Assumptions: You have ComfyUI installed already. Preferably the portable version. You also have ComfyUI Manager installed, which is an extension that helps you download and manage custom nodes. You will need custom nodes, as ComfyUI is built to be modular.

A note about accelerators: I often refer to "acceleration" or "accelerators" in this article. These are effectively LoRAs that allow you to generate videos with a ton of motion in just a few steps. We will use these later on. For now, consider this article a teaching exercise on how Wan generation works.

Choosing an Image

The choice of initial frame for your video is obviously very important, but there are less obvious points to keep in mind when preparing the image. I won't go over image generation in detail because it's been thoroughly documented already and it would massively bloat the scope of these articles.

Play to the strengths of your LoRAs. If the LoRA author says it doesn't do well with certain appendages already in or not in the frame, then provide an image accordingly, or use a different LoRA.
- To that end, you should always read the full description of every resource you use. It will save you a lot of future headaches. Even I may not mention or forget to mention information that may not be relevant to me, but is relevant to you.

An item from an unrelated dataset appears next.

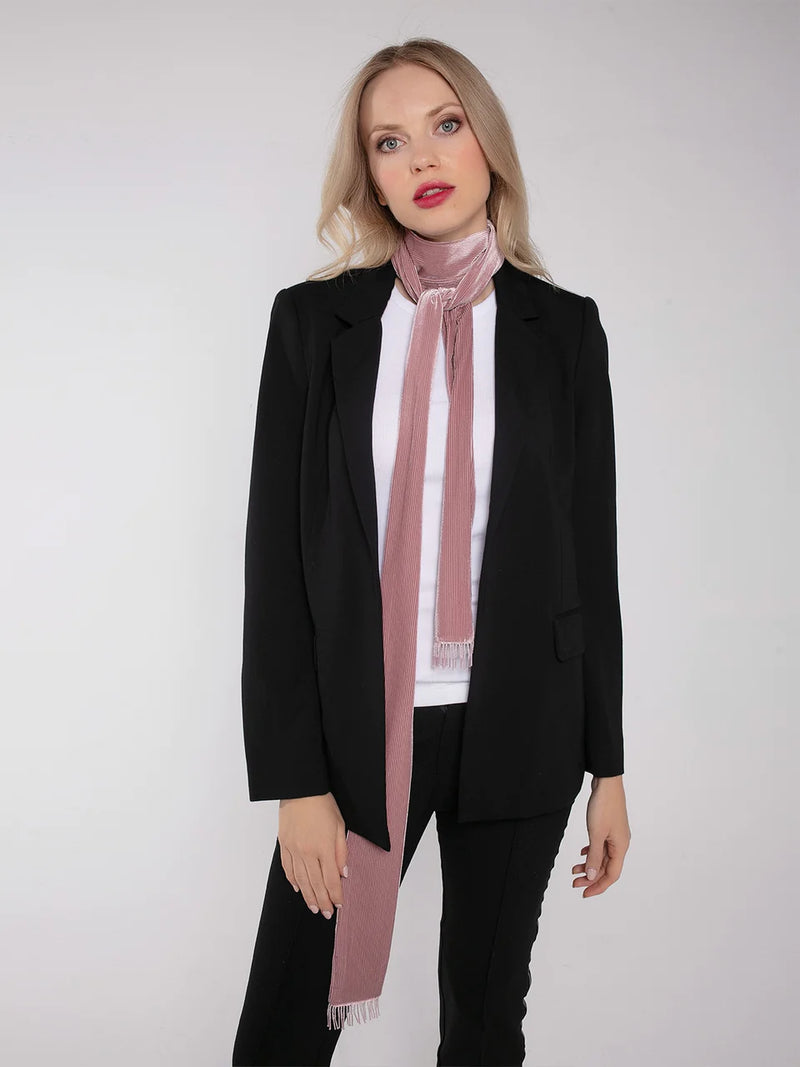 Nooki Tuxedo Skinny Velvet Scarf - Pink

The less errors (like six fingers, or smudged features) the better. It helps to think of Wan's video generation as a "budget." It can only create so much motion and changes with so many steps allotted. Correcting or accounting for errors in your frame will cost some of Wan's budget, and it will automatically try to do that. Errors may also cause Wan to misinterpret your image and give you an unexpected result.
- A higher resolution image is helpful. Not because we need the resolution; the image will be downsized to 720p anyway. But because SDXL checkpoints, especially the more recent versions, tend to produce less errors at higher resolution. So you're more likely to get an image without errors if you start at a high resolution, or use "hi-res fix" (also known as latent upscaling) to enhance a low res image.
- Also, inpainting will be your friend here. I won't go into that in detail for the reason described above, but I will say that it is very easy to inpaint in ComfyUI if you have an image generation model ready. Once you set up the (very simple) workflow, It is as simple as using the embedded editor to paint over the errors in your image with a brush, just like in Paint, and re-generating.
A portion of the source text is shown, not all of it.